→ Work instructions:
Would you please retype, exactly, the lines of the listing below between the line with "Maillot Domicile Real" and the line with "Bulldog Embroidered Baseball", inclusive?

→ Data provided:
━━━━
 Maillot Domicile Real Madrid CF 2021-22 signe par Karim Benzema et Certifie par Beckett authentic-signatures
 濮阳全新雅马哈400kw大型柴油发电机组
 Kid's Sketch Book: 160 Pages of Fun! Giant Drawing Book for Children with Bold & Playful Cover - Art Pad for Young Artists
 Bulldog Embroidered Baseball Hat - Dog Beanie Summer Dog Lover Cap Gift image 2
━━━━
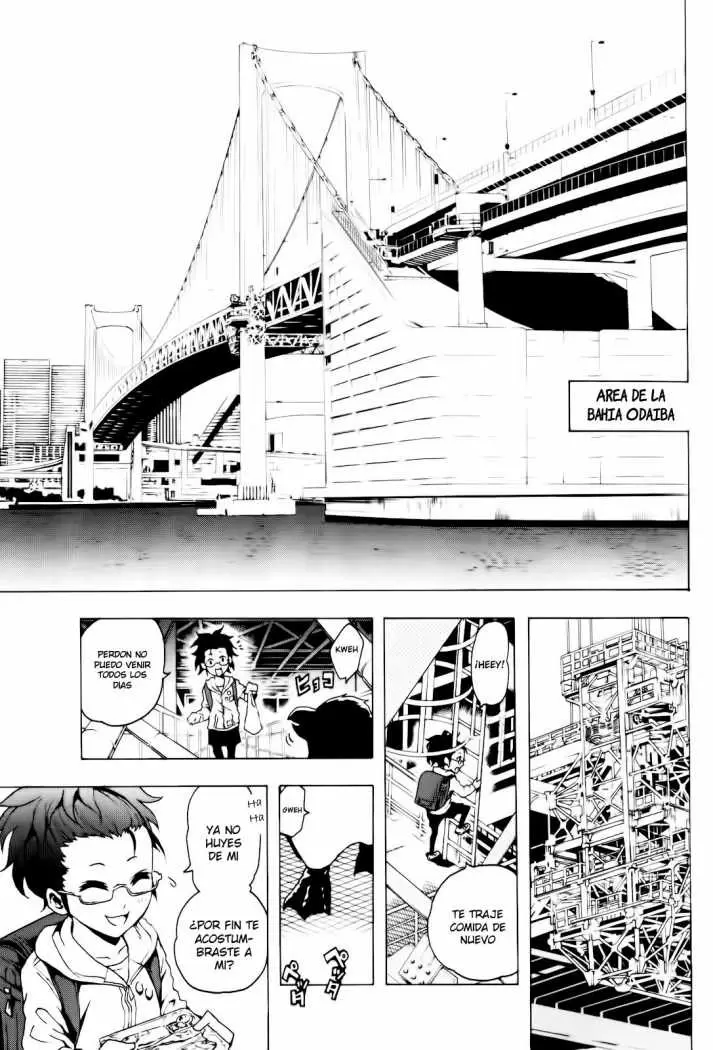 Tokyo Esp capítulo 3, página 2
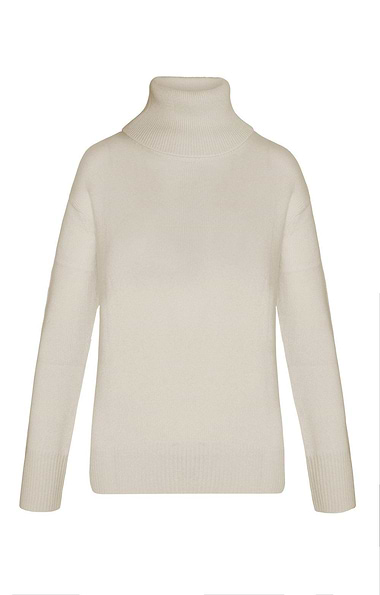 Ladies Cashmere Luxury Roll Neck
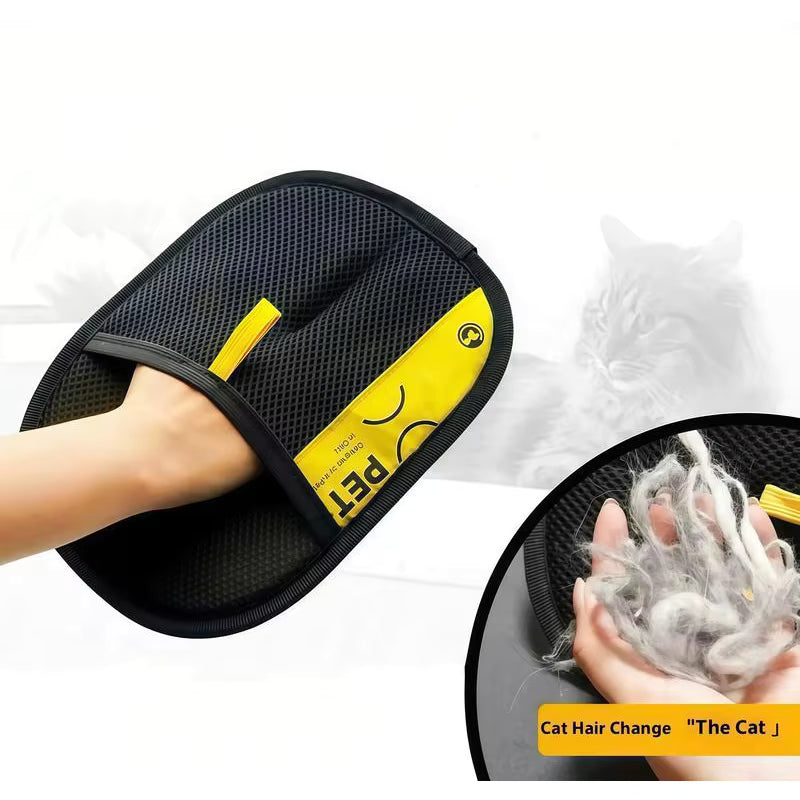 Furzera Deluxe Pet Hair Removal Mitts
━━━━
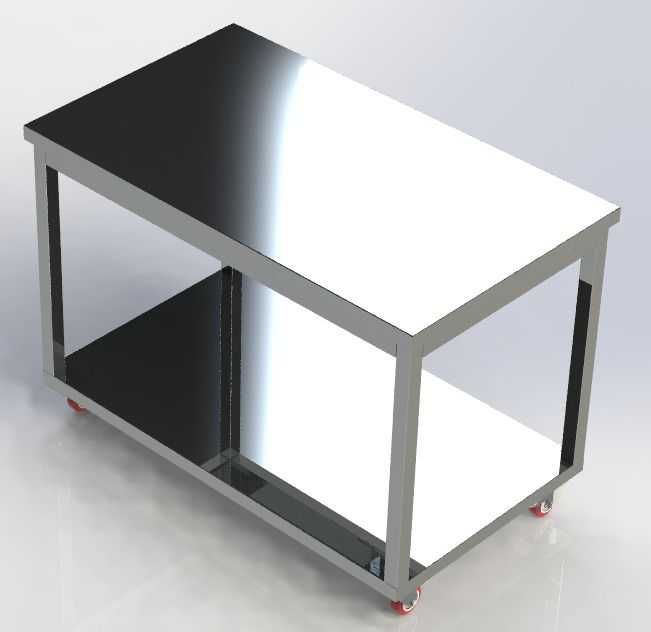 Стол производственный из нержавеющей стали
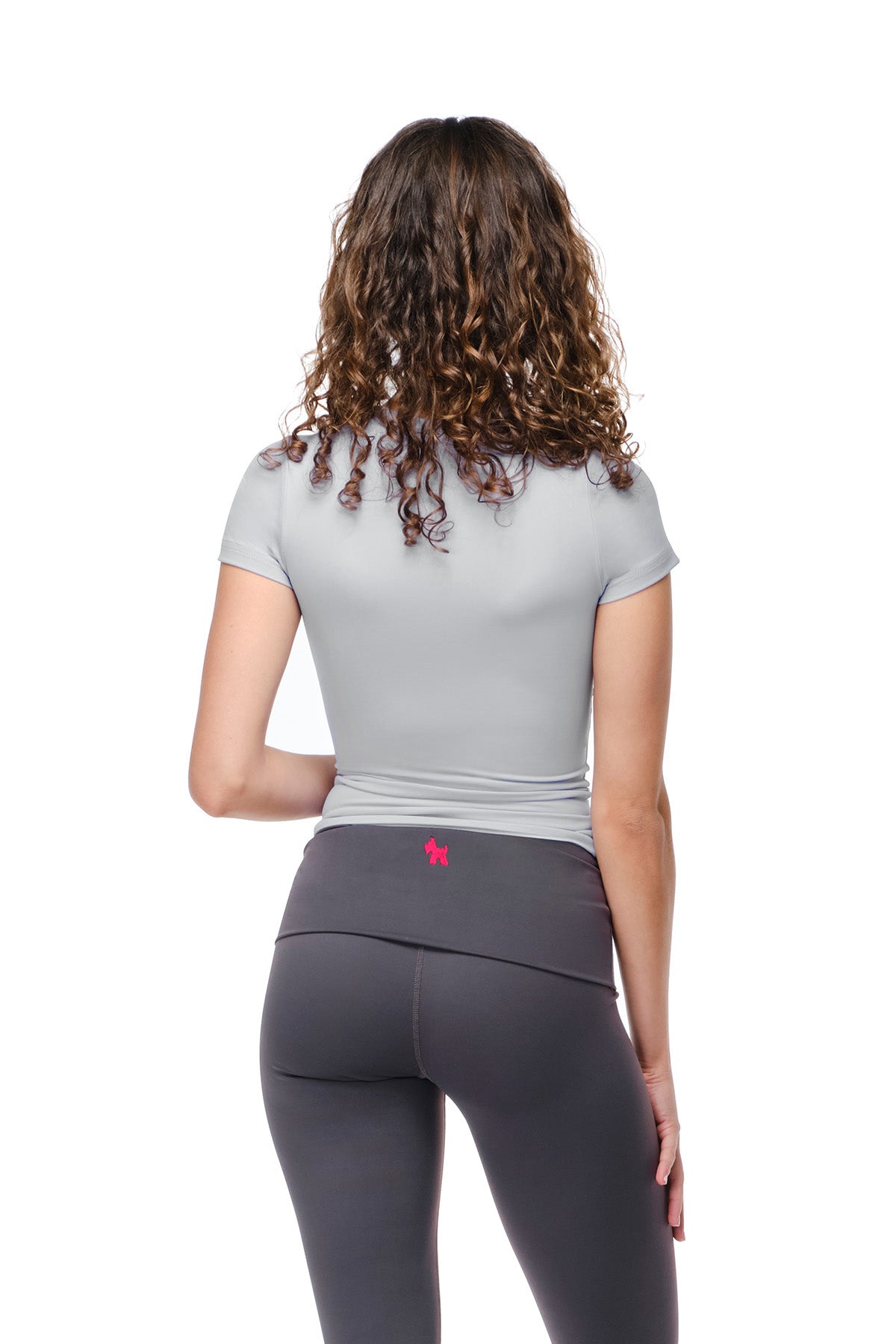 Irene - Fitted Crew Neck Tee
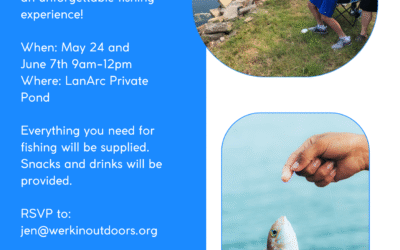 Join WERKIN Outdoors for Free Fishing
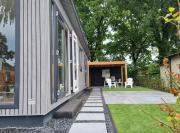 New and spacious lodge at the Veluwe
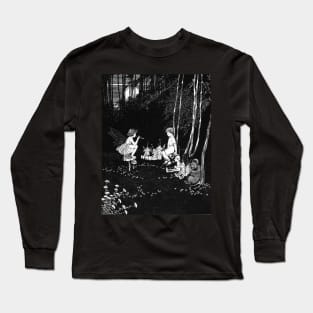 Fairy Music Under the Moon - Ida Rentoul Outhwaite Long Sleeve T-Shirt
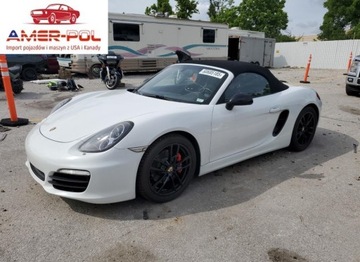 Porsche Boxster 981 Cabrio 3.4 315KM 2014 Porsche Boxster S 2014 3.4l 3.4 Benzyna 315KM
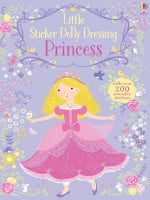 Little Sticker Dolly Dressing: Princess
━━━━
→ Task answer:
 Maillot Domicile Real Madrid CF 2021-22 signe par Karim Benzema et Certifie par Beckett authentic-signatures
 濮阳全新雅马哈400kw大型柴油发电机组
 Kid's Sketch Book: 160 Pages of Fun! Giant Drawing Book for Children with Bold & Playful Cover - Art Pad for Young Artists
 Bulldog Embroidered Baseball Hat - Dog Beanie Summer Dog Lover Cap Gift image 2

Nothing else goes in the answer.